:: Problem details ::
In the copy, keep the lines from the first line of the material below through the line containing "Check your total" exactly as they are, and include no pictures.

:: Data for the task ::
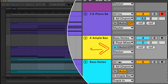Here I have my chain of Ableton MIDI effects: an Arpeggiator, an LFO MIDI Max for Live device, and the Random MIDI effect. Now let's see how each device alters the incoming MIDI.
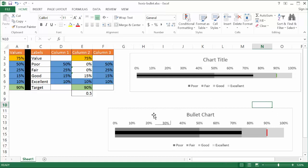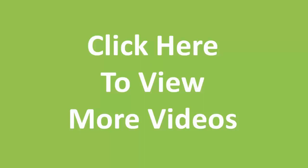So this is another way to create a bullet chart. I hope that helps. Thanks for watching, see you soon.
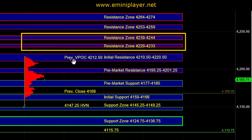In the event that we get a successful breakout above initial resistance, and that breakout then results in a successful break and hold above 4239 to 4244, then we'll have the intraday bullish confirmation. That can then open the door for a move higher into 4253 to 4259, as well as yesterday's RTH high at 4264 to 4274, where sellers are likely to be active on first test.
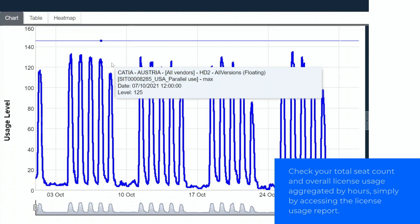Check your total seat count and overall license usage aggregated by hours, simply by accessing the license usage report.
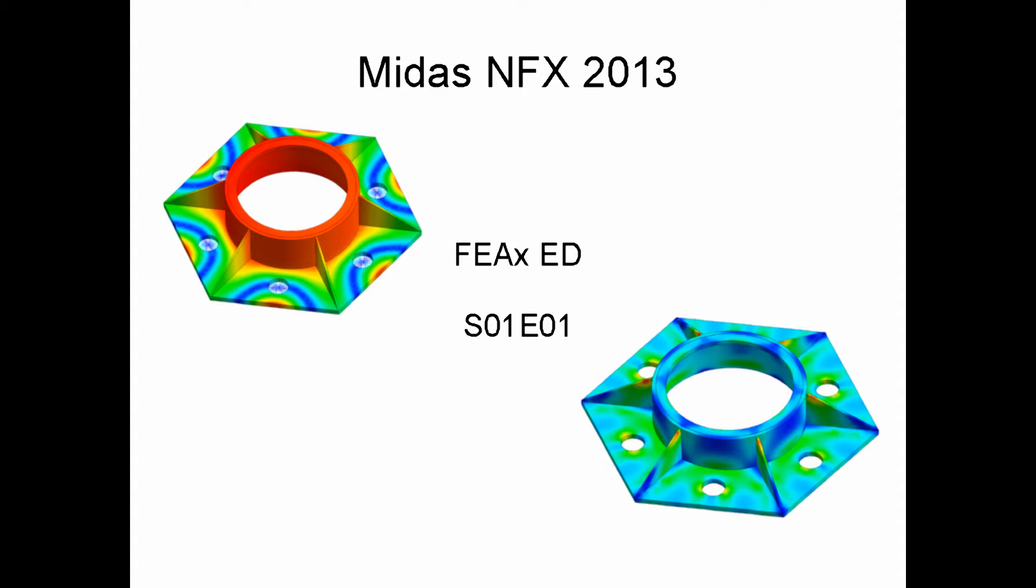The main goal of this whole series is to give you five to ten minutes of entertainment, just showing you some of the workflow and features and approaches that we use in MidasNFX. So sit back and relax. Hope you enjoy this.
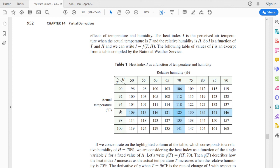At the bottom of the screen, we can write a function g of h — relative humidity — where the temperature is fixed at 96 degrees. Let me switch over to my whiteboard.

:: Answer for this exercise ::
Here I have my chain of Ableton MIDI effects: an Arpeggiator, an LFO MIDI Max for Live device, and the Random MIDI effect. Now let's see how each device alters the incoming MIDI.
So this is another way to create a bullet chart. I hope that helps. Thanks for watching, see you soon.
In the event that we get a successful breakout above initial resistance, and that breakout then results in a successful break and hold above 4239 to 4244, then we'll have the intraday bullish confirmation. That can then open the door for a move higher into 4253 to 4259, as well as yesterday's RTH high at 4264 to 4274, where sellers are likely to be active on first test.
Check your total seat count and overall license usage aggregated by hours, simply by accessing the license usage report.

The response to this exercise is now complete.